(Editor’s note: Looking Back is a new weekly column including news items reported 10 years ago in The Current, which celebrated its 10th anniversary in September 2011.)
Issue of Jan. 2, 2002
When John F. Kennedy met John Houbolt, a Scarborough resident, in the hallway of a Washington hotel in 1960, he had no idea he had just met the man who would save the space program from failure and the country $25 billion dollars.
Houbolt’s persistence would eventually put a man on the moon.
Houbolt and Kennedy were both lost. On their way to an awards ceremony, they chided one another about getting lost in a hotel. But Kennedy, then a senator running for president whose challenge to the space program spurred its success, and Houbolt, whose work behind the scenes insured it, never met again.
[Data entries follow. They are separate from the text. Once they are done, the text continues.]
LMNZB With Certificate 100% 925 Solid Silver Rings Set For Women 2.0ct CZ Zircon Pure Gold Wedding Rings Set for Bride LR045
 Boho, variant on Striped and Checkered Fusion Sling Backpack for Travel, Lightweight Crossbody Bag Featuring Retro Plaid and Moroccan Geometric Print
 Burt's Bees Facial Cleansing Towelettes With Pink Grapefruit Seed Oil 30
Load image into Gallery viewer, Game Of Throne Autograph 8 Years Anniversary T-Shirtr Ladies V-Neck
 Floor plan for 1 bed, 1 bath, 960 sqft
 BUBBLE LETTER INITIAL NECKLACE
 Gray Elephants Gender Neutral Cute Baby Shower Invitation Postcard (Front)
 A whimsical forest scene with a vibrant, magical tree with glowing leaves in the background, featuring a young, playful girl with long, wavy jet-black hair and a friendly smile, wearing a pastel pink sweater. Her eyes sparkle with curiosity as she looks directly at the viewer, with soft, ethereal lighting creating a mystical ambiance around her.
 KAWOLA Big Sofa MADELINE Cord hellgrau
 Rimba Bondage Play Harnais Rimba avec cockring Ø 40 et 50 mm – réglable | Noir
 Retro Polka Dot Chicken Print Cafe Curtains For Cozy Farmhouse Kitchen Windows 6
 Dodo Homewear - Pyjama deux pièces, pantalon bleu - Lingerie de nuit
“If you want to know how we got to the moon, you came to the right man,” said Houbolt, as he walked down the hall to the door of his Piper Shores apartment more than 40 years after his chance meeting with Kennedy.
Now in his 80s, Houbolt came to Maine this fall to retire. He and his wife, Mary, chose Maine because they will be closer to their three daughters, who live in neighboring New England states. Mary Houbolt’s love of the ocean brought them to their Piper Shores apartment, where they can see it from their window. Houbolt still has an office at the Langley Research Center, which does research for NASA in Virginia. More than 40 years ago, Houbolt was working there as an aeronautical engineer at the height of the Cold War and the space race.
In 1959, NASA had begun work on putting an American on the moon. NASA scientists were focusing on two routes to the moon: a direct launch and a plan known as Earth Orbit Rendezvous.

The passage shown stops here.